[Dataset entries]

▬▬▬▬▬▬

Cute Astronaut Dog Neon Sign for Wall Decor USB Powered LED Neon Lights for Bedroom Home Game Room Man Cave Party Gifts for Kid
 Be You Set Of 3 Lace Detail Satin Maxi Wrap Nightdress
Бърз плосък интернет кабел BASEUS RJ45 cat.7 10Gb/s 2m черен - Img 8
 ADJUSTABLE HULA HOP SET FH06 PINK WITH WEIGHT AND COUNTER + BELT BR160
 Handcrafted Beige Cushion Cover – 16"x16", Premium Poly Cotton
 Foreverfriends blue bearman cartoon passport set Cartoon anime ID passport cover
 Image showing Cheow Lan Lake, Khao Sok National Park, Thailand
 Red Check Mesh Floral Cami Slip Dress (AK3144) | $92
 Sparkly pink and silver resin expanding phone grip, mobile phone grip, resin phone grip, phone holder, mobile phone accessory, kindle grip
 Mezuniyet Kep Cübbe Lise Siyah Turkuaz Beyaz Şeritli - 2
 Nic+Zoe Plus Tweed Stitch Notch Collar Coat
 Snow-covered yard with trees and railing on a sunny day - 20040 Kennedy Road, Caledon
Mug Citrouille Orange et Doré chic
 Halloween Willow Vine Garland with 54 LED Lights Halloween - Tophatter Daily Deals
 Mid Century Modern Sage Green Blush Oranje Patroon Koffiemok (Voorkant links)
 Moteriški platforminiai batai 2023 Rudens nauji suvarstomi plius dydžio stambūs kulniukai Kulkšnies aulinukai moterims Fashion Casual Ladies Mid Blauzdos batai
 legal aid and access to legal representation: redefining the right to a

▬▬▬▬▬▬

Whatever lies between the line containing "Бърз плосък интернет" and the final line above, both included, must be returned exactly.

Бърз плосък интернет кабел BASEUS RJ45 cat.7 10Gb/s 2m черен - Img 8
 ADJUSTABLE HULA HOP SET FH06 PINK WITH WEIGHT AND COUNTER + BELT BR160
 Handcrafted Beige Cushion Cover – 16"x16", Premium Poly Cotton
 Foreverfriends blue bearman cartoon passport set Cartoon anime ID passport cover
 Image showing Cheow Lan Lake, Khao Sok National Park, Thailand
 Red Check Mesh Floral Cami Slip Dress (AK3144) | $92
 Sparkly pink and silver resin expanding phone grip, mobile phone grip, resin phone grip, phone holder, mobile phone accessory, kindle grip
 Mezuniyet Kep Cübbe Lise Siyah Turkuaz Beyaz Şeritli - 2
 Nic+Zoe Plus Tweed Stitch Notch Collar Coat
 Snow-covered yard with trees and railing on a sunny day - 20040 Kennedy Road, Caledon
Mug Citrouille Orange et Doré chic
 Halloween Willow Vine Garland with 54 LED Lights Halloween - Tophatter Daily Deals
 Mid Century Modern Sage Green Blush Oranje Patroon Koffiemok (Voorkant links)
 Moteriški platforminiai batai 2023 Rudens nauji suvarstomi plius dydžio stambūs kulniukai Kulkšnies aulinukai moterims Fashion Casual Ladies Mid Blauzdos batai
 legal aid and access to legal representation: redefining the right to a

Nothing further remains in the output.